Un jour, alors qu’elle alpague les passants dans une rue bondée, un visage familier se démarque de la foule : un journaliste-présentateur connu de la télévision locale avance dans sa direction. « J’avais vraiment envie de changer de travail… J’imagine que c’est pour cette raison que j’avais glissé des CV dans les dossiers promotionnels adressés aux potentiels donateurs… (rires) Donc quand je l’ai vu, j’ai sauté sur l’occasion. C’était maintenant ou jamais. J’ai réussi à attirer son attention et il ne s’est pas enfui, comme le font souvent les gens quand on les aborde avec le T-shirt d’une ONG », s’amuse-t-elle.

Judith lui explique sa situation et lui propose de lui donner son CV. « Il a super bien réagi », se souvient-elle. Le jour suivant, elle recevait un appel de la sous-directrice de son programme pour un entretien. « Ça a été une vraie surprise parce que je ne m’attendais à rien. Sur le coup, je me suis dit qu’il voulait juste être poli, mais qu’il perdrait mon CV ou le jetterait ».

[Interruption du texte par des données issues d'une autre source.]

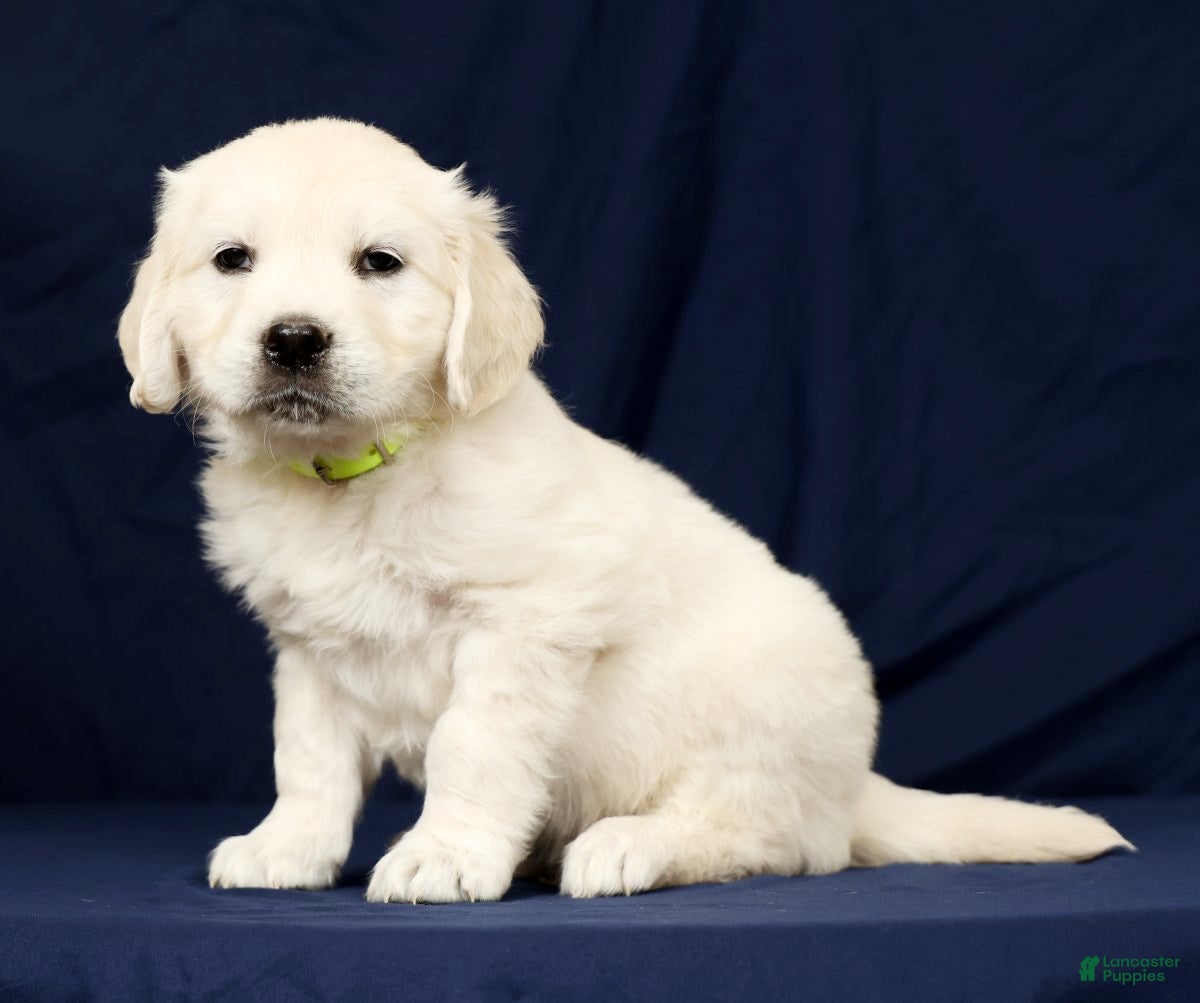 Golden Retriever dogs Toby - Ad 1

Tout se passe alors rapidement pour la jeune femme. Après son premier entretien, on lui annonce la bonne nouvelle : elle est engagée. « J’ai travaillé trois ans pour ce programme télévisé et au bout d’un certain temps, la sous-directrice comme la productrice du programme m’a avoué qu’ils m’avaient choisie parce que j’avais osé donner mon CV en pleine rue. Comme quoi… », ajoute-t-elle encore perplexe.

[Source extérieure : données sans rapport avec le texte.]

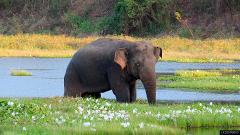 Wasgamuwa National Park Safari From Kandy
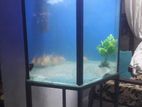 Fish Tank With Stand.
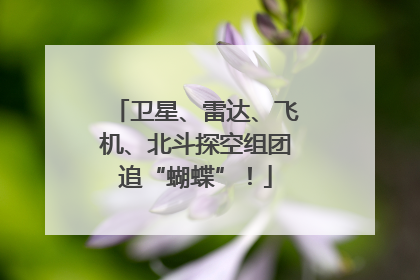 卫星、雷达、飞机、北斗探空组团追“蝴蝶”！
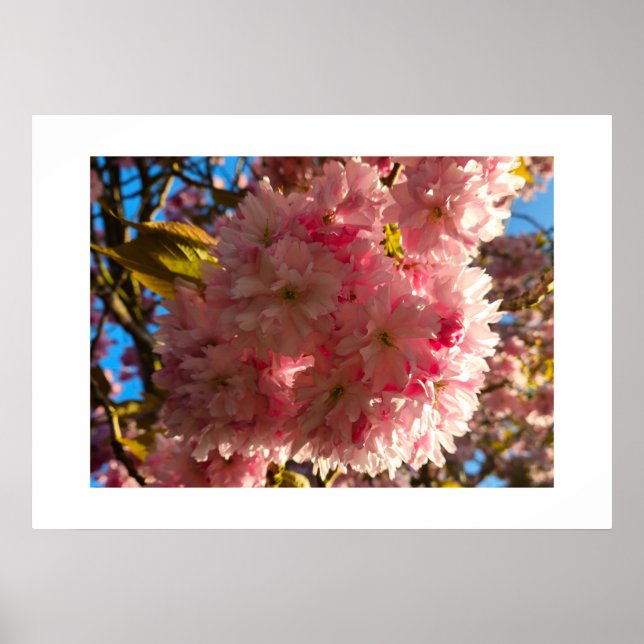 Poster Flor de cerejeira  (Frente)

« La sous-directrice comme la productrice du programme m’a avoué qu’ils m’avaient choisie parce que j’avais osé donner mon CV en pleine rue. Comme quoi… » Judith

Une question d’initiative

Comme pour Judith, c’est son esprit d’initiative qui a aidé Aranxa, graphiste et photographe freelance à trouver un boulot. « Un jour, une photographe que je suivais sur Instagram a publié des photos qu’elle avait prises pour un nouveau magazine de voyage et de lifestyle dont le premier numéro était consacré à la ville de Valence. J’ai adoré le magazine et j’ai commencé à le suivre. Peu de temps après, ils ont annoncé la préparation d’un second numéro à Bristol et ils recherchaient justement des photographes », se souvient-elle.

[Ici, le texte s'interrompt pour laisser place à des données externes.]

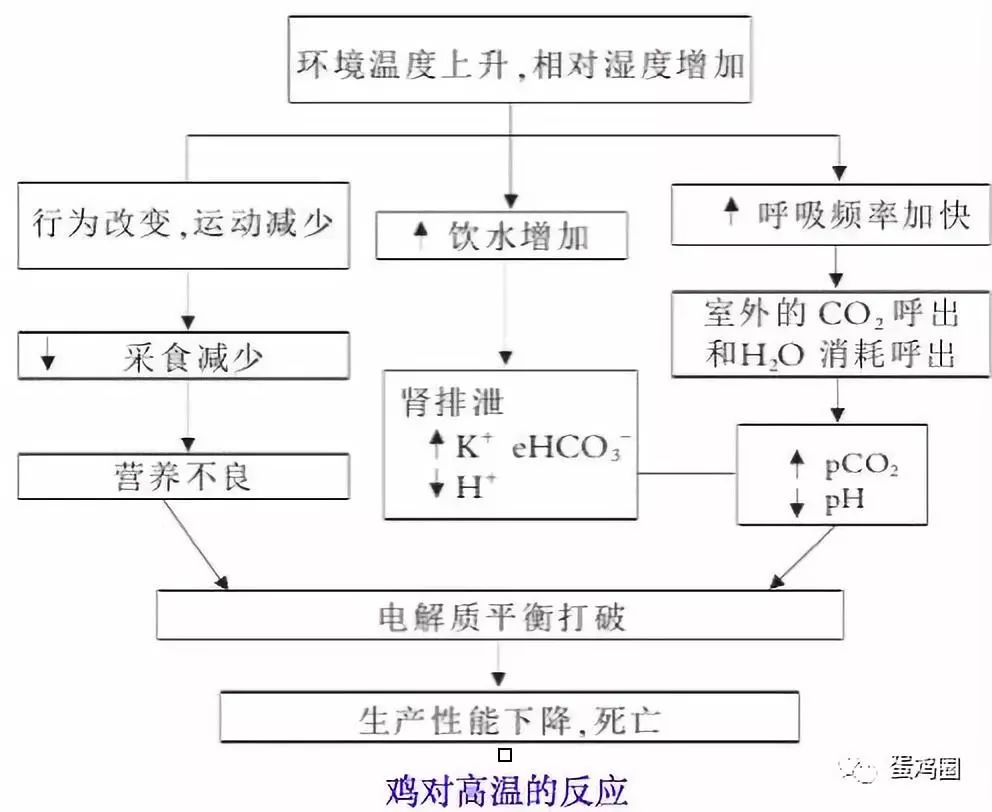 热应激状态下,鸡体的变化!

Basée à Londres, elle n’hésite pas une seule seconde, prépare un porfolio de photos de voyage et envoie un email rédigé en anglais pour se présenter et montrer son travail. « Opter pour l’anglais m’a semblé évident car leurs publications sur Instagram étaient toutes en anglais, précise-t-elle. Mais j’ai été surprise, en recevant la réponse, de découvrir que la rédactrice en chef était de Valence, comme moi ! »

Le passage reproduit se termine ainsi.